Gina Rinehart’s billions of dollars and huge sway in Australian business where she has branched out from iron and coal into television and newspapers make her a favourite target of satirists.
Her poetry and largesse (which extends to other billionaires but not her workers), the bitter family feud which only seems to grow nastier the longer it drags on, her disdain for Australia’s drinking, smoking, socializing and lazy workers class and admiration for $2-a-day African miners, only adds to her lampooning appeal.
Peter Batey, director of the Bald Archy Prize and the artist Warren Lane kindly gave MINING.com permission to reproduce (Scoop! For the first time outside Australia!) the 2013 winner of the competition which has been running for 21 years. The prize is internationally recognized as the only art competition judged by a sulphur-crested cockatoo named Maude.
“The Banquet of Gina and Ginia” was modelled on the 17th century portrait The Banquet of Esther and Ahasuerus by Dutch painter Jan Victors and features the larger than life matriarch and her favourite daughter Ginia [sic], the child she doesn’t only see in court.

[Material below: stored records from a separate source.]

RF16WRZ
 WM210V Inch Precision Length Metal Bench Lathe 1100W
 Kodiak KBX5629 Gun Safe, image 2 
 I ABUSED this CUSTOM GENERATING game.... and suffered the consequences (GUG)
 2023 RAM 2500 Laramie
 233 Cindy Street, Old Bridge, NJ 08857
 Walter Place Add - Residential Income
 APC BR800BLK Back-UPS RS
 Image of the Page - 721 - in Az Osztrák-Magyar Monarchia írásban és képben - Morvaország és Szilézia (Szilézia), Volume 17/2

What they say about a thousand words:
9 Comments
Ganapathy ramachandran
She works hard to reach this position.Why to criticism on her
Mark
Good on you MINING.Com for taking the low road – disappointed that you printed this.
allritejack
Agree, totally unprofessional. Leave it to the tabloids and their low IQ readership.
rodsexton
I would like to meet Frik Els face to face.
LAMB
She really ‘deserves’ everything she gets. Greed makes ‘pigs’ of us all.
LAMB
Is this “THE LAST SUPPER” ?
Fossil66
In very bad taste, She works hard for what she has achieved. She does not treat her workers bad and uses the best consulting engineering consultants on her projects. Go make fun of Al Gore and his hidden vested interests.
Glenn
I appreciate that her ever so public life and comments in the media make Gina Rinehart a relatively easy “target” for such tasteless rubbish as this. A very public figure with such strong views will always draw comment and criticism. However, as suggested by some of these comments, I am surprised to see a tabloid reference that belies both Mining.com’s and its readership’s integrity and intelligence.
question mark
Isn’t this a site about information pertinent to the mining industry?